Adelaide’s season of Faith Healer will not be the first time Colin Friels has trod the boards for the State Theatre Company South Australia. Indeed, Friels was one of the many highly successful actors to come through the company’s earlier ensemble.
“When I first got out of NIDA, I went down to the State Theatre for about 18 months,” says Friels. “That’s back in the 70s.”
Friels is candid on the phone with The Adelaide Review, noting that while he loves Adelaide, he wasn’t a fan of the last show he was a part of here, Mortido, which also toured to Sydney.
“I did a Jim Sharman show once too, and a real dog of a show down there about four years ago… Wonderful playwright, though, [it was] an Angela Betzien play.”
The candour with which Friels speaks serves to reinforce his love for the current Belvoir St Theatre production making its Adelaide debut. He speaks with almost religious fervour when discussing the show. It is his favourite play, from his favourite dramatic playwright Brian Friel (alongside Anton Chekhov), and he never gets tired of performing it.
“I love it intensely,” he says. “It’s so Celtic, so beautifully drawn. It’s a bottomless, endless view – an extraordinary revelation about what it is to be human.”
Faith Healer is noted for its unique structure composed of four monologues from three characters, and its deep, lyrical prose. Friels plays Francis Hardy, the show’s eponymous healer, and in his two monologues, alongside those of his wife Grace and manager Teddy, questions are raised as to the veracity of his healing power, life, death and memory.

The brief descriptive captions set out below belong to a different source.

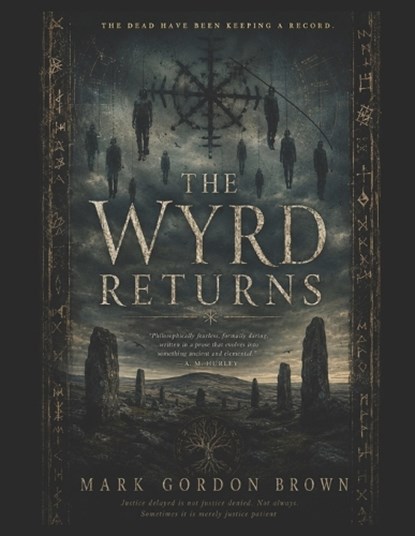 The Wyrd Returns, Mark Brown ; Mark Gordon Brown - Paperback - 9798180565020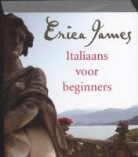 E. James, Erica James - Italiaans voor beginners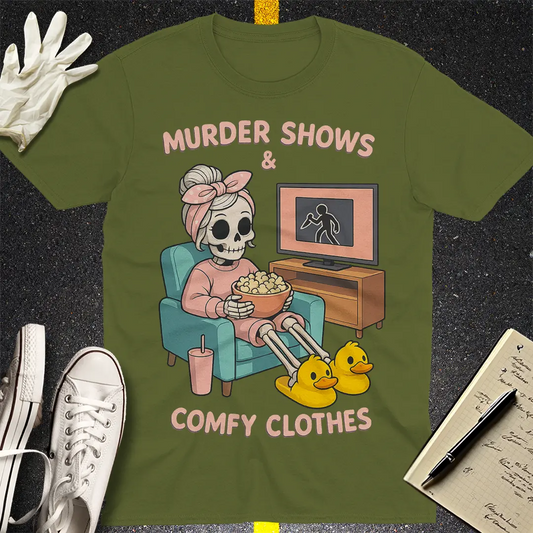 Murder Shows & Comfy Clothes T-Shirt
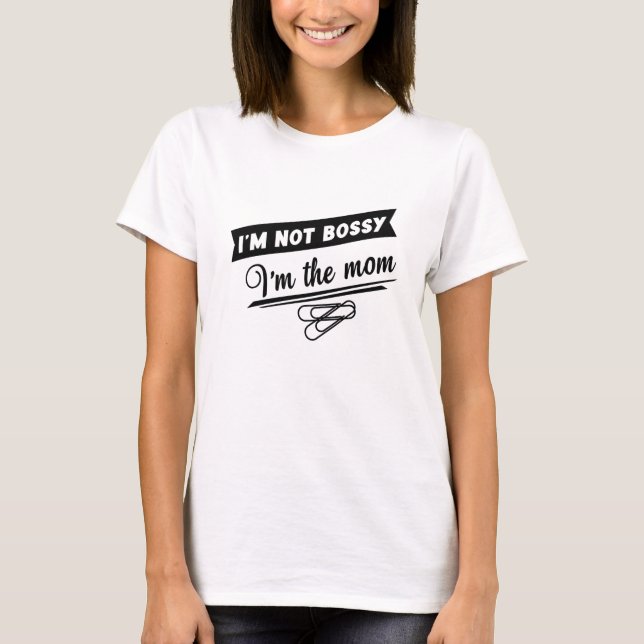 Bossy Mom TShirt - Funny Mothers Day Gift Idea Tee (Front)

After premiering in 1979, Faith Healer was at first a commercial failure, but has gone on to be recognised as one of Brian Friel’s best plays. It is, in Friels’ words, “a magnificent piece of work”.

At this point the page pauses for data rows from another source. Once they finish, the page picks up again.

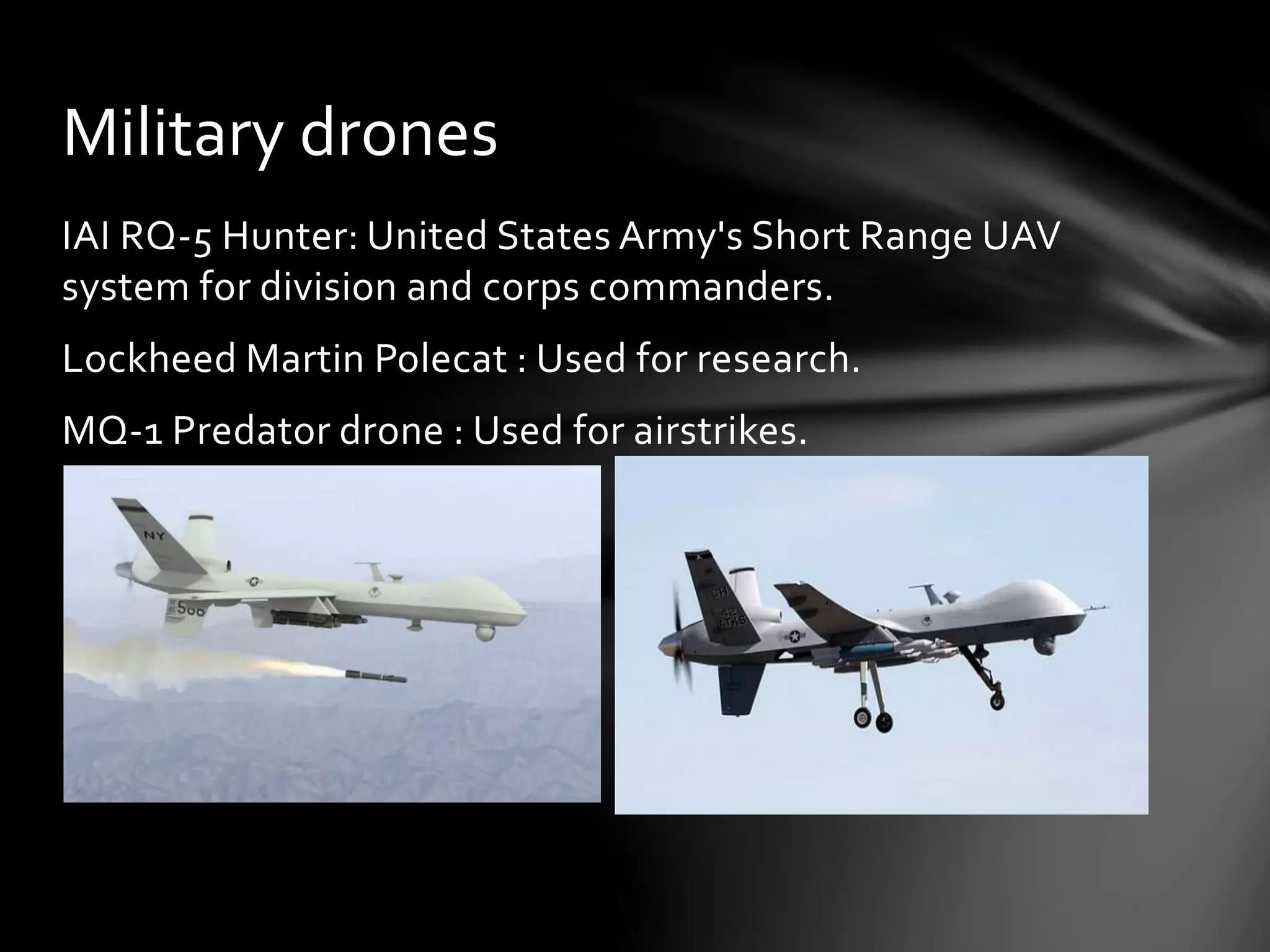 IAI RQ-5 Hunter: United States Army's Short Range UAV
system for division and corps commanders.
Lockheed Martin Polecat : Used for research.
MQ-1 Predator drone : Used for airstrikes.
Military drones
 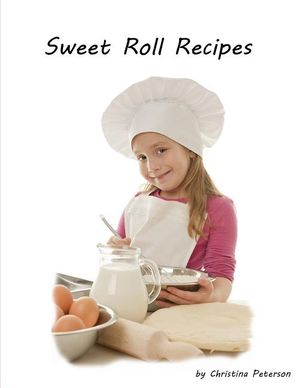 Sweet Roll Recipes: BREAKFAST OR BRUNCH, Every recipe has space for notes, Basic sweet bread and rolls image number 0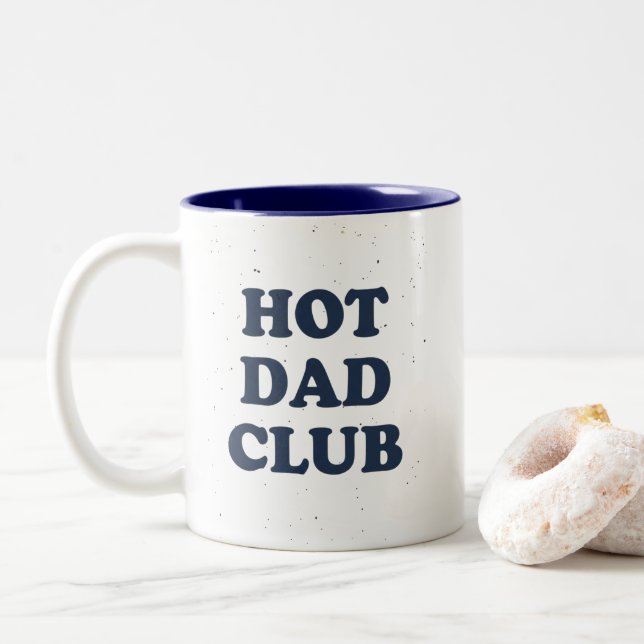Hot Dad Club Mug Funny Dad Coffee Cup Gift Idea (With Donut)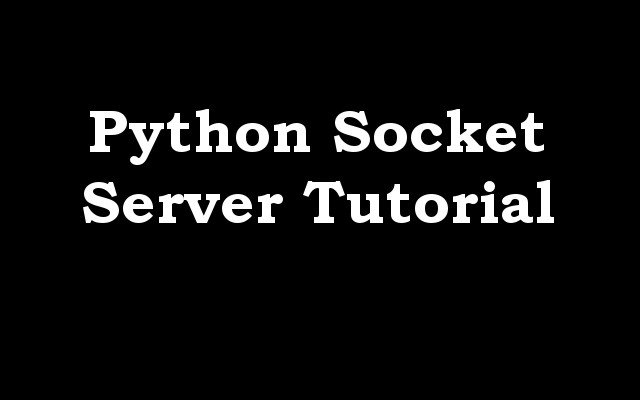Python Socket Server Tutorial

Friels has been playing Hardy since October 2016 for the Belvoir St production. Directed by his wife and dramatic juggernaut Judy Davis, Friels says he has never played one character this many times, but he never tires of the role as his interpretation of Friel’s text shifts over time.

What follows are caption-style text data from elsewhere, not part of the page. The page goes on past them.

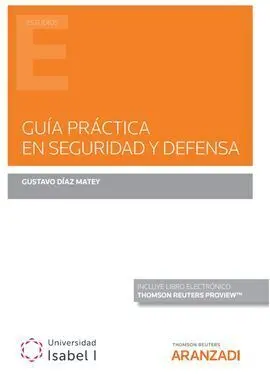 Guía Práctica en Seguridad y Defensa (Papel + E-Book)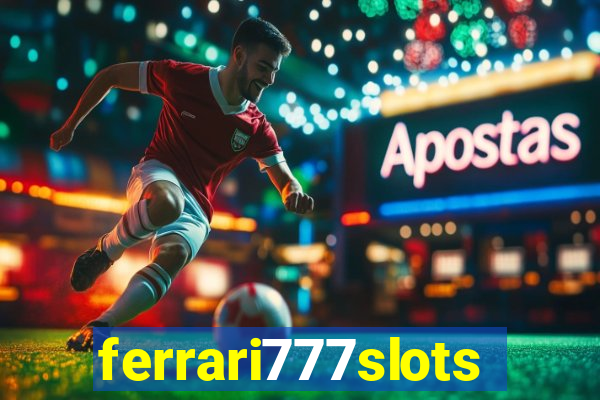 ferrari777slots.com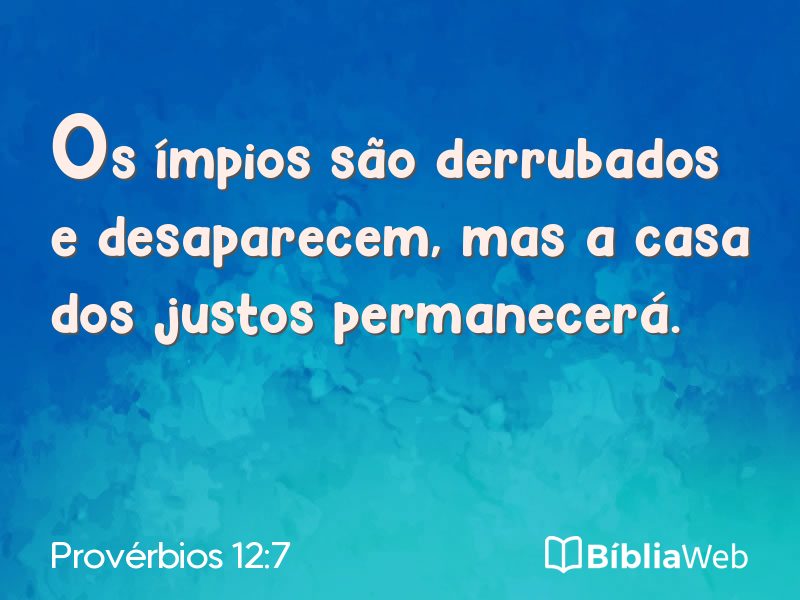 Provérbios 12:7 em imagem para compartilhar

“It’s changing all the time,” says Friels. “It’s completely different every time, and that’s because you’re different every time you go back to it.”
Further, the space in which the show is performed has an enormous impact on its presentation, says Friels, citing a recent season at Melbourne’s Sumner Theatre as an example.
“It also depends on the space,” he says. “This time we’re going to a small space, and we were in a big space last time – a terrible theatre called the Sumner Theatre in Melbourne. It’s a horrible theatre. Really horrible, a dreadful place and it’s not conducive to anything, that space.”
Friels’ appreciation for a play so characterised by its monologue structure has also evolved as he sees the connections between its characters, and the changes that the other actors, Alison Whyte and Paul Blackwell, incorporate into their performances.
“The more I do the play, the more I realise that the monologues aren’t separate,” says Friels. “It’s very much an ensemble piece by three actors. I’m sure they’ll [Blackwell and Whyte] be like me. They’ve been away and they’ll come back and bring different things to it. Things seep into you. I’m a slow worker anyway, and it takes me a long time to grasp the nettle of what things are about.”
Friels’ enthusiasm doesn’t stop at the play either, as he raves about the addition of Adelaide’s Paul Blackwell to the cast as Teddy.
“We have your very own, the fantastic, wonderful, beautiful, brilliant Paul Blackwell,” says Friels. “He is amazing, beautiful and worth the price of two tickets alone, Blackwell, and of course Alison Whyte, say no more, but Paul is a legend. I’ve got a shrine too him. I love him.”
The mercurial nature of the play, which has received rave reviews in its seasons on the east coast, still leaves Friels in awe of its playwright, but never ceases to be a challenge.
“It is a privilege to come back to this play, an enormous privilege,” says Friels. “It’s terrifying because there’s a Hebrew stain, ‘Mene, mene, tekel, upharsin’, which means that you have been weighed in the balance and found wanting. This play finds me wanting all the time, as it’s bottomless and there’s no end to it.
“I just hope the audience enjoy our company and share our story with us. That’s all I want. If one person goes away thinking, ‘that was a quite an experience’ that would be wonderful.”